Sería una estupidez establecer juicios de valor que parabolicen la anécdota anterior. Las incomodidades de unos son las cotidianidades de otros y justamente por ello es que existen diferencias culturales. El punto aquí no es juzgar la conducta cultural que no comprendemos. El punto es que si tenemos pan, lo partimos si por la esquina se asoma alguien para hablar con nosotros. El punto es que si no lo hacemos, el otro dirá que somos unos groseros que no merecemos este gentilicio. El punto es que la frase de “siempre es posible echarle agua a la sopa” es parte de aquello por lo que comulgamos como pueblo. El punto, quizás el más importante, es que nos hemos ganado el derecho a “caer” de improviso, a pedir una ñapa que atiborre la arepa comprada y a vivir en un país en donde que nunca nos metemos algo a la boca sin ofrecerlo primero.

II

Un maestro de obra a quien no conozco y a quien contraté para hacer un trabajo puntual en el patio de mi casa, salió de pesca el fin de semana. El Lunes, me regaló una bolsa con por lo menos 5 kg de pescado. Por casualidad, salí a hablar con él al mediodía y estaba comiendo con sus dos obreros… partió el pan y me lo ofreció junto a su gaseosa.
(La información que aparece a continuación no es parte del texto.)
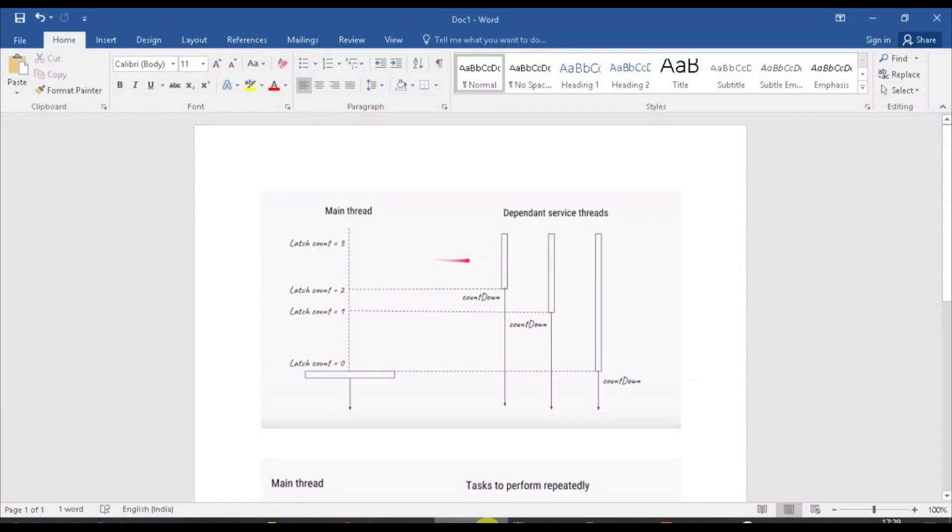Hey guys, welcome back. It has been a while since I launched a video because I was busy with things. Today I will be starting with a session about the very basics of countdown latch.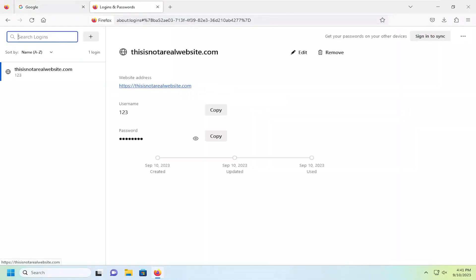If you want to go about viewing any passwords in here, there should be a list so you can actually go ahead and search for certain websites. You may have passwords saved on here.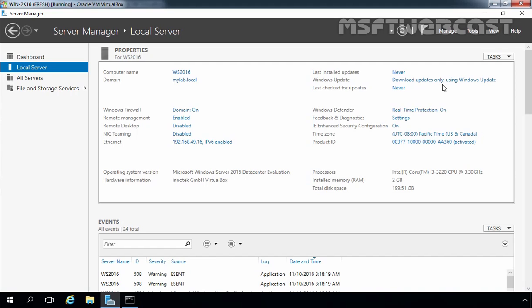In the next part of this video series we will prepare our Windows Server 2012 R2 domain for Server 2016 domain controller. That's it for this video demonstration. Thank you for watching this video.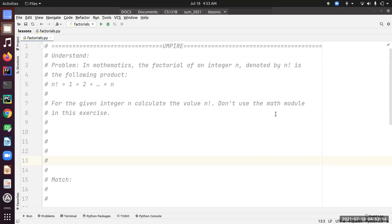Welcome back everybody. In this video I'm going to work you through solving the factorial problem using the UMPIRE process. As always, I copied down the problem as the first step, so let's read the problem. In mathematics, the factorial of an integer n, denoted by n!, is the following product: n factorial equals one times two times, likewise up to n. For the given integer n, calculate the value n factorial. Don't use the math module in this exercise.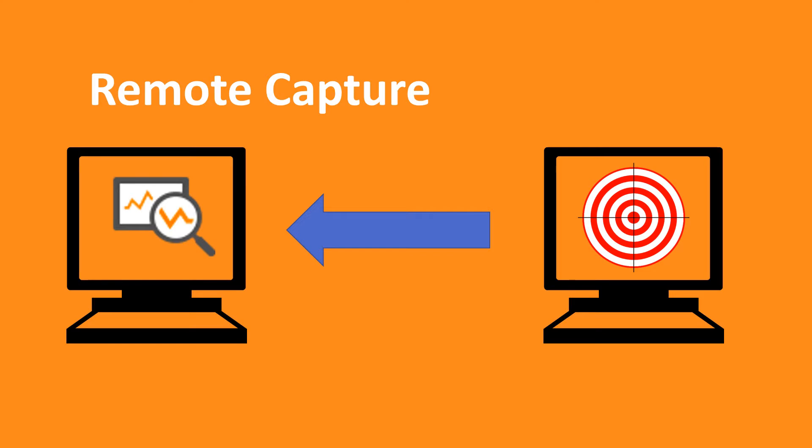This capability to send remote traces is built into the OS starting with Windows 8.1 and Windows Server 2012 R2, so you don't need to install any software on the target. This is especially useful for collecting traces from machines like NanoServer which don't have a GUI.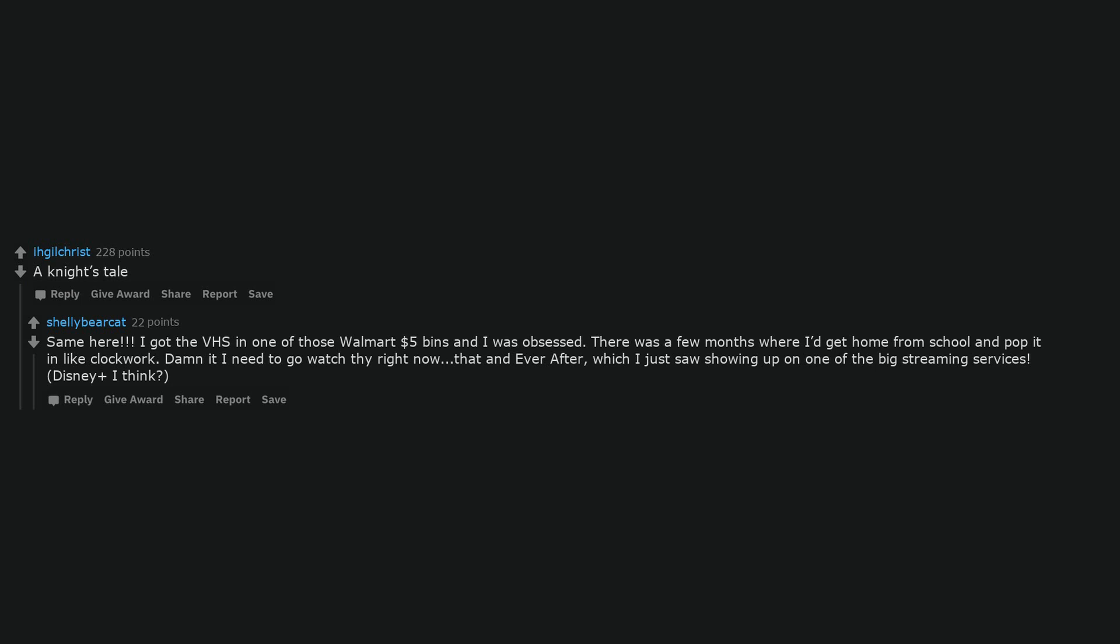Same here. I got the VHS in one of those Walmart $5 bins and I was obsessed. There was a few months where I'd get home from school and pop it in like clockwork. Damn it I need to go watch this right now, that and Ever After, which I just saw showing up on one of the big streaming services. Disney Plus I think. I love all the LOTR movies, but there's something about Fellowship that makes me feel all warm and cozy inside.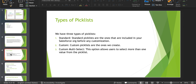Coming to types of picklist, we have standard picklists. Standard picklists are the ones that are included in the org before any customization or modification. Some examples are Lead Source, Opportunity Stage, and Lead Status. These standard picklists we cannot remove from the org. Instead, we can make some modifications or customizations based on our business need. Those are standard picklists which are already there in the org.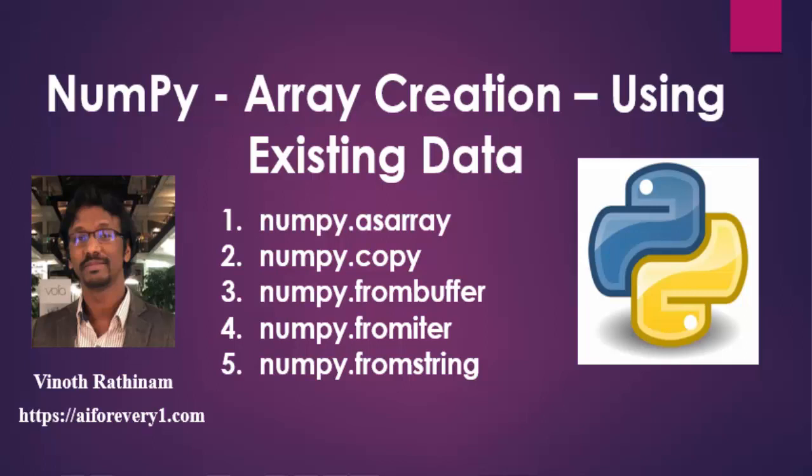Hello everyone, welcome to Vinod Rathinam Tutorials. In this video, we are going to learn about how to create the numpy array using the existing data.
Acabo de mudarme. Frente a mi casa vive una señora que apenas he saludado. Amanecemos por primera vez en un espacio atiborrado de sonidos y olores nuevos, acrecentando una sensación de indefensión que no nos libera. La señora toca el timbre y nos brinda una arepa. Sabe que aún no hemos conectado el gas.

Nuestra hija posee la virtud de socializar con el entorno a una velocidad que abruma. Los padres de una amiga recién adquirida la han invitado a una reunión dominguera en casa de unos amigos de ellos y nos proponen que nos sumemos cuando vienen a buscarla. Paracaidistas no contados, somos. Al llegar, la timidez es un muro que no sabemos derruir. Nos presentan al señor de la casa y él saluda mudo, absorto como está con una paella, que comienza a regar aromas que permiten inferir sus virtudes. Una hora después no nos molestamos en preguntar si podemos servirnos de nuevo. Lo tácito pude ser redundante.

III

Somos un pueblo que puede mirar ciego a través del parabrisas cuando un niño nos pide dinero, pero basta que ese mismo chico nos diga “¿Me regala un poco de ese pan que tiene allí?”, para que saltemos a darlo. Dar comida, pareciera ser nuestro reducto humanista irrenunciable.

Somos un pueblo que hace rato tuvo que volver infranqueable la puerta de la casa que da a la calle, pero se le olvidó echarle cerrojo a la de la cocina.

Quizás, desde esas mismas cocinas, comencemos a desandar caminos y abramos puertas y recordemos que somos aquellos que no aprendieron a cocinar lo justo.